→ TASK OBJECTIVE
Every line from the one with "APA Hotel Kyoto Ekihigashi Hotels in Kyoto" through the end of the material below, both ends included, should be transcribed exactly, without pictures.

→ MATERIAL PROVIDED
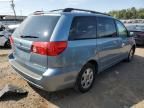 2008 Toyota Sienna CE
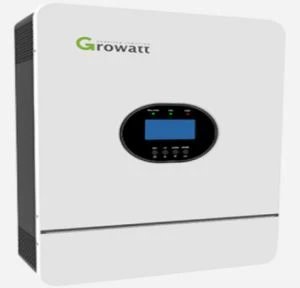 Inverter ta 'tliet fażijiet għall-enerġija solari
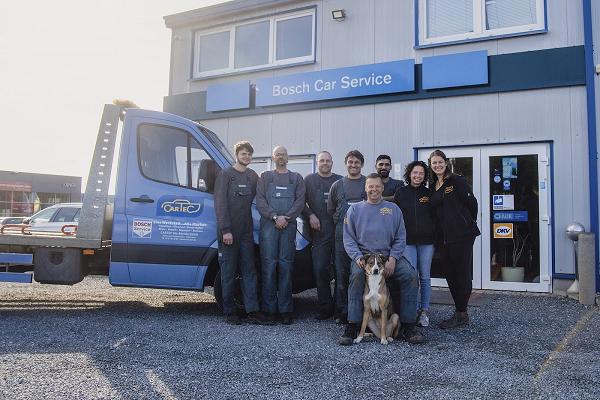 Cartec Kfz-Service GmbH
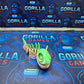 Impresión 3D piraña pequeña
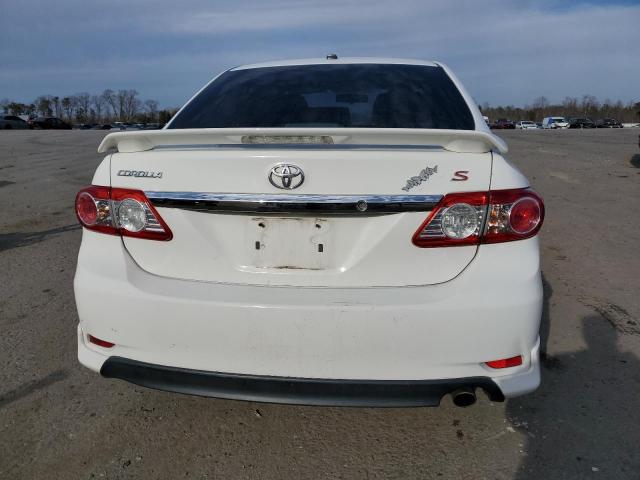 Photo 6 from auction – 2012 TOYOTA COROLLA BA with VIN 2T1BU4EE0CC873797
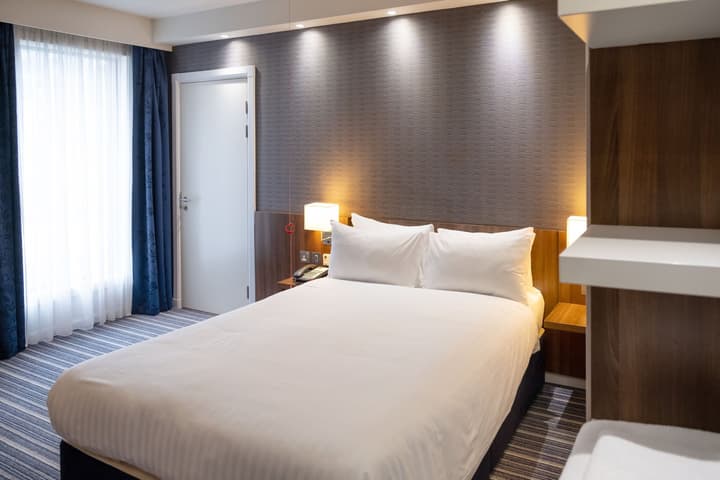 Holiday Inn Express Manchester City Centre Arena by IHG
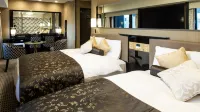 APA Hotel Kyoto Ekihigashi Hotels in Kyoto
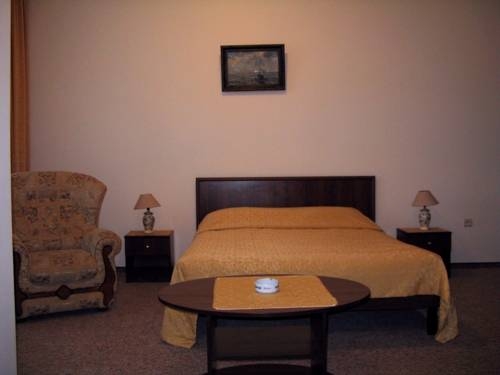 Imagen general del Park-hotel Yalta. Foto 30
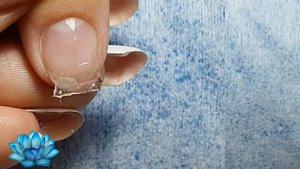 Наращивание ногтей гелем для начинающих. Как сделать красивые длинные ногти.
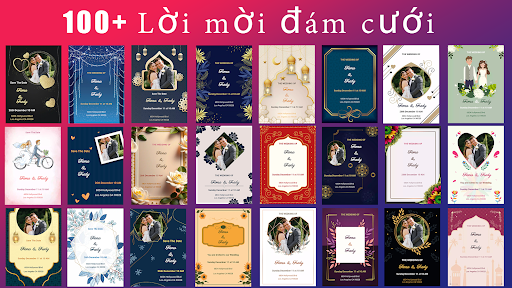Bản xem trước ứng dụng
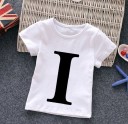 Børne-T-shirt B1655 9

→ YOUR RESPONSE
 APA Hotel Kyoto Ekihigashi Hotels in Kyoto
 Imagen general del Park-hotel Yalta. Foto 30
 Наращивание ногтей гелем для начинающих. Как сделать красивые длинные ногти.
Bản xem trước ứng dụng
 Børne-T-shirt B1655 9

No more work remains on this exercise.